Commit Graph

1347 Commits

Author SHA1 Message Date
Mark Johnston
66351f5126 ng_nat: Pass IPv6 packets through.
ng_nat implements NAT for IPv4 traffic only.  When connected to an
ng_ether node it erroneously handled IPv6 packets as well.

This change is not sufficient: ng_nat does not do any validation of IP
packets in this mode, even though they have not yet passed through
ip_input().

PR:		243096
Reported by:	Robert James Hernandez <rob@sarcasticadmin.com>
Reviewed by:	julian
Differential Revision:	https://reviews.freebsd.org/D23080
2020-01-23 16:45:48 +00:00
Kirill Ponomarev
bc6e80ddc1 Generate MAC address from the FreeBSD OUI range.
Submitted by:	aleksandr.fedorov_vstack_com
Approved by:	kevans
Differential Revision:	https://reviews.freebsd.org/D23168
2020-01-16 20:12:15 +00:00
Gleb Smirnoff
35e67a79fb Netgraph queue processing thread must process all its items
in the network epoch.

Reported by:	Michael Zhilin <mizhka@ >
2020-01-15 03:35:57 +00:00
Bjoern A. Zeeb
aeaef7d597 netgraph/ng_bridge: Reestablish old ABI
In order to be able to merge r353026 bring back support for the old
cookie API for a transition period in 12.x releases (and possibly 13)
before the old API can be removed again entirely.

Suggested by:	julian
Submitted by:	Lutz Donnerhacke (lutz donnerhacke.de)
PR:		240787
Reviewed by:	julian
MFC after:	2 weeks
X-MFC with:	r353026
Differential Revision:	https://reviews.freebsd.org/D21961
2020-01-05 19:14:16 +00:00
John Baldwin
4b28d96e5d Remove the deprecated timeout(9) interface.
All in-tree consumers have been converted to callout(9).

Reviewed by:	kib, markj
Differential Revision:	https://reviews.freebsd.org/D22602
2019-12-13 21:03:12 +00:00
John Baldwin
5773ac113c Use callout_func_t instead of the deprecated timeout_t.
Reviewed by:	kib, imp
Differential Revision:	https://reviews.freebsd.org/D22752
2019-12-10 22:06:53 +00:00
Gleb Smirnoff
abc4b11cea Fix regression from r353026. Pointer was increased instead of value
pointed to.

PR:		241646
Submitted by:	Aleksandr Fedorov <aleksandr.fedorov itglobal.com>
2019-11-02 03:09:17 +00:00
Gleb Smirnoff
ebded7d547 Don't use if_maddr_rlock() in ng_eiface(4), use epoch(9) directly instead. 2019-10-10 23:49:19 +00:00
Gleb Smirnoff
57985d11b4 Don't use if_maddr_rlock() in ng_ether(4), use epoch(9) directly instead. 2019-10-10 23:47:14 +00:00
Gleb Smirnoff
b8a6e03fac Widen NET_EPOCH coverage.
When epoch(9) was introduced to network stack, it was basically
dropped in place of existing locking, which was mutexes and
rwlocks. For the sake of performance mutex covered areas were
as small as possible, so became epoch covered areas.

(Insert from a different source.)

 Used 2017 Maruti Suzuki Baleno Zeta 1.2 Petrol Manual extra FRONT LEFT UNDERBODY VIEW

However, epoch doesn't introduce any contention, it just delays
memory reclaim. So, there is no point to minimise epoch covered
areas in sense of performance. Meanwhile entering/exiting epoch
also has non-zero CPU usage, so doing this less often is a win.

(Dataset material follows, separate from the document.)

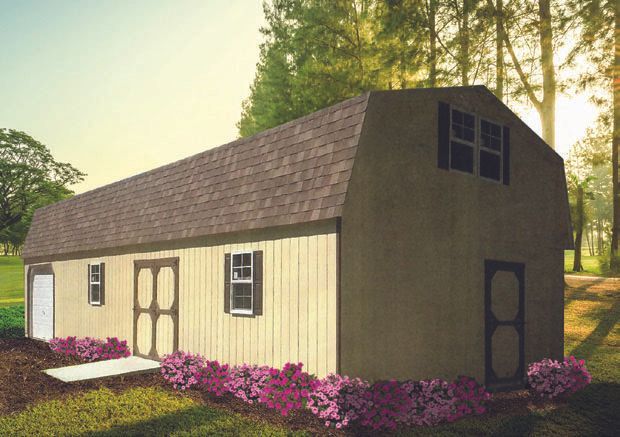 Tan shed with a brown barn-style roof, two doors, and a small porch, with flowers in front and trees in the background.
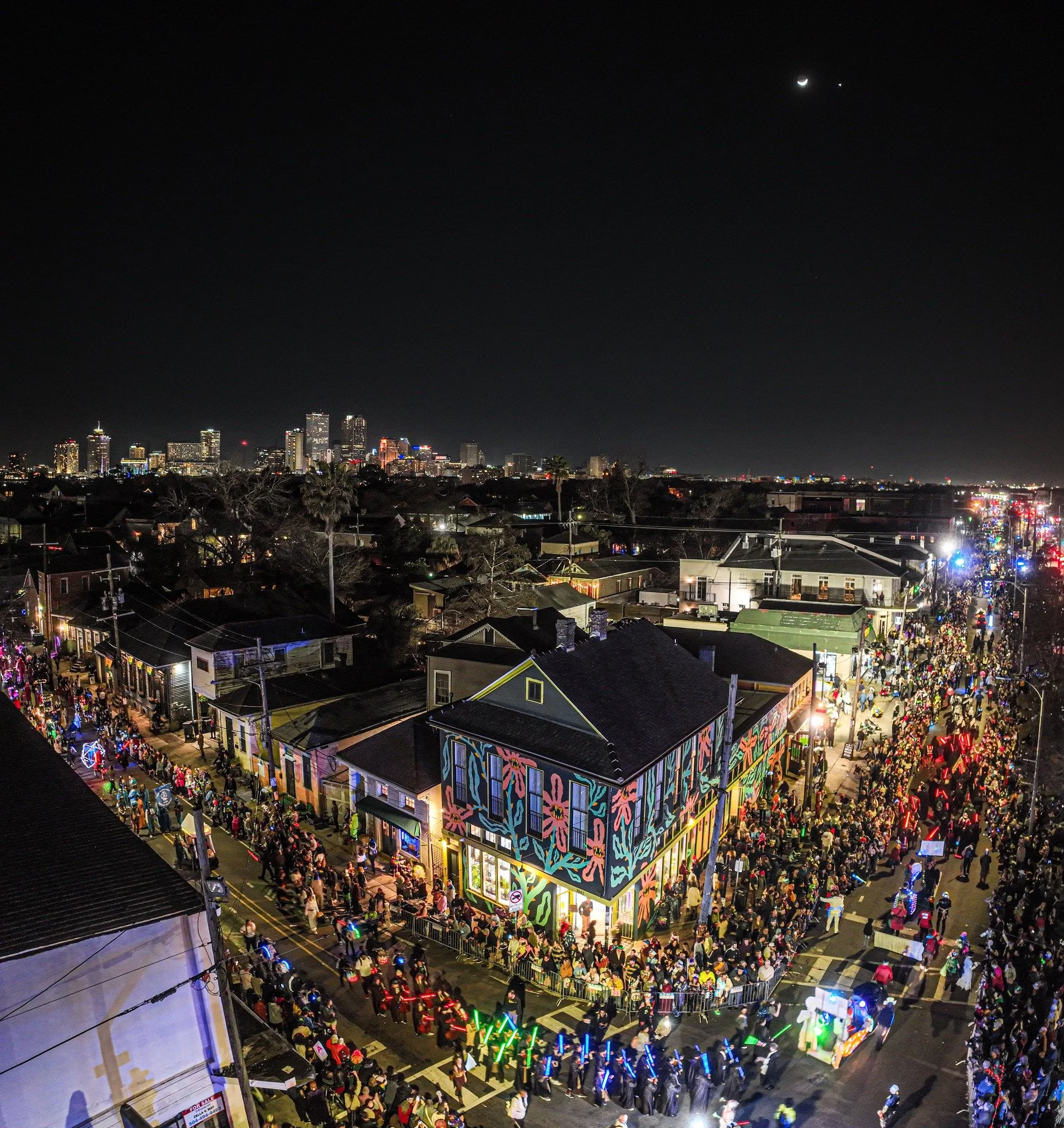 Nighttime cityscape with a crowd of people on the streets, a building with colorful mural art, and a skyline with tall buildings in the distance.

Not the least is also code maintainability. In the new paradigm
we can assume that at any stage of processing a packet, we are
inside network epoch. This makes coding both input and output
path way easier.

On output path we already enter epoch quite early - in the
ip_output(), in the ip6_output().

This patch does the same for the input path. All ISR processing,
network related callouts, other ways of packet injection to the
network stack shall be performed in net_epoch. Any leaf function
that walks network configuration now asserts epoch.

Tricky part is configuration code paths - ioctls, sysctls. They
also call into leaf functions, so some need to be changed.

This patch would introduce more epoch recursions (see EPOCH_TRACE)
than we had before. They will be cleaned up separately, as several
of them aren't trivial. Note, that unlike a lock recursion the
epoch recursion is safe and just wastes a bit of resources.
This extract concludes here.